There's a parquet example here:

https://github.com/observablehq/framework/blob/main/examples...

Using data from here: https://github.com/observablehq/framework/tree/main/examples...

Rendered version here: https://observablehq.com/framework/examples/api/

If you want to run a Data loader that outputs to parquet there are plenty of ways to do that - I would suggest a Bash or Python script that wraps DuckDB.

mbostock · on March 4, 2024

We do support it. (And use it!) Please see: https://observablehq.com/framework/lib/arrow#apache-parquet

orf · on March 4, 2024

Ahh, amazing! That’s not entirely clear from the data loading docs[1], which when I read it seemed only focused around CSV and JSON.

1. https://observablehq.com/framework/loaders

johnnunn · on March 4, 2024

Just wondering, can one embed the observable framework page into another site ? Or should it have to be a separate static site as demoed in the website.

lioeters · on March 4, 2024

From what I read when Framework was released, currently it is a static site generator and can't be embedded into another site like a library.

johnnunn · on March 4, 2024

Thank you.

skadamat · on March 4, 2024

Simon -- have you played with Evidence.dev much?

nojito · on March 4, 2024

Observable still pales in comparison to Quarto.

https://quarto.org/

eacapeisfutuile · on March 4, 2024

In what way? Isn’t a big part of observable the community provided content, which does not seem to be what this tool provides?

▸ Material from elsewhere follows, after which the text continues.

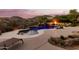 Tranquil pool and patio with lounge chair and sunset views at 14216 S Canyon Dr, Phoenix, AZ 85048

spinningslate · on March 4, 2024

that's an unhelpful articulation that runs the risk of having the opposite effect from the one you want.

That would be a pity, because Quarto is really good. I haven't tried Observable yet, but in outline they have some similarities:

1. Documents written in Markdown

2. Ability to embed code blocks in the Markdown, with code executed when the document is rendered.

3. Ability to embed output of the code blocks in the rendered result (e.g. tables, charts).

4. Ability to render to multiple formats (pdf, static site, ...).

Quarto supports Python and R as languages in the code blocks (maybe more, not sure). I personally prefer it to Jupyter notebooks because the source is plain text so (1) there's a choice of editor and (2) moving between text and code blocks is seamless.

I can't say Quarto is better than Observable but it is good. It has depth from its history in RMarkdown (like rendering mathematical equations, naming & cross-referencing).

It's certainly worth consideration for anyone looking for a "code notebook" solution.

kragen · on March 4, 2024

klysm · on March 4, 2024

I don't know much about observable, but it seems like they might be hijacking d3 a bit too much for my taste - it makes me a bit nervous about the future of d3.

simonw · on March 4, 2024

Observable is from the same creator as D3 (Mike Bostock) and D3 has been a core component of the Observable platform since they first launched their notebook product back in 2018.

I don't see Framework changing things there - if anything the ISC license should make it a better partner for D3.